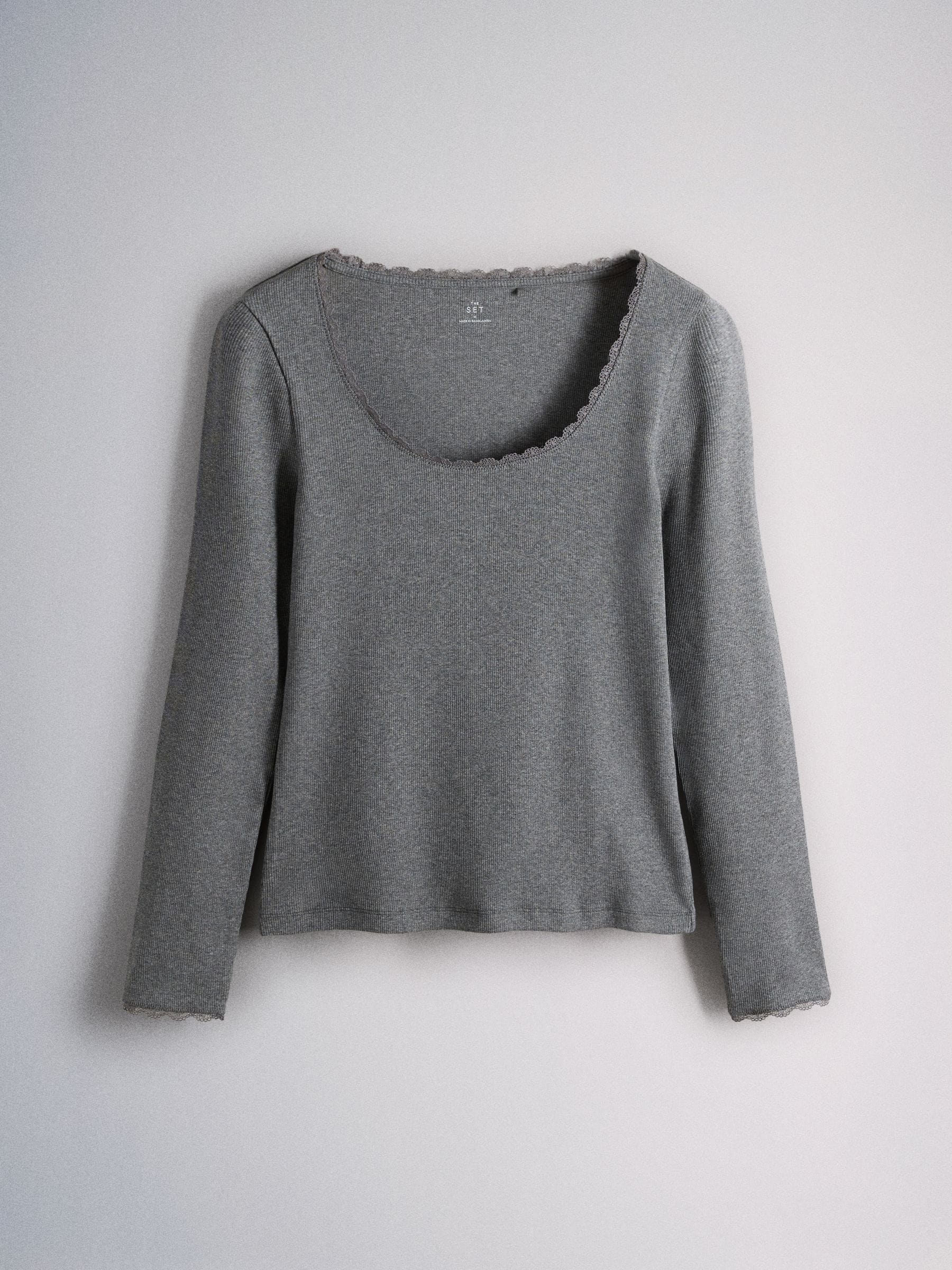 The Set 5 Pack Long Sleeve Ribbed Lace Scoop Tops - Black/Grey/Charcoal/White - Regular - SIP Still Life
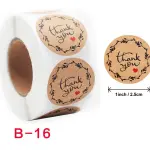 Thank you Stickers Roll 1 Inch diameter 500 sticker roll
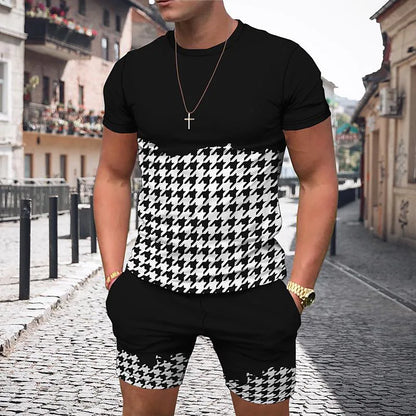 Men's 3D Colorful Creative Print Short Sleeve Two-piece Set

==

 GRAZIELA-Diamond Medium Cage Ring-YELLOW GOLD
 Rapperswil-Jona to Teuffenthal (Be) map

* * *

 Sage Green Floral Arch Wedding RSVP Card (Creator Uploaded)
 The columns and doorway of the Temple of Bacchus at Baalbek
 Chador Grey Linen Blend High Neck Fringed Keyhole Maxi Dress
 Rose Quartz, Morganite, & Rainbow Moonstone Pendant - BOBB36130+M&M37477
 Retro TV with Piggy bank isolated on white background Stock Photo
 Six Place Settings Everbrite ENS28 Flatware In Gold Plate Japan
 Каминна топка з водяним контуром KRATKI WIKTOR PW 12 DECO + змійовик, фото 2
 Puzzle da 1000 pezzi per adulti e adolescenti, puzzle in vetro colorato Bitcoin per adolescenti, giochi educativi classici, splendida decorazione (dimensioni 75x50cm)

* **Activity**:
Return only the lines between the one holding "Каминна топка з" and the one holding "Puzzle da 1000", inclusive, exactly as they appear above.

* **Output of the task**:
 Каминна топка з водяним контуром KRATKI WIKTOR PW 12 DECO + змійовик, фото 2
 Puzzle da 1000 pezzi per adulti e adolescenti, puzzle in vetro colorato Bitcoin per adolescenti, giochi educativi classici, splendida decorazione (dimensioni 75x50cm)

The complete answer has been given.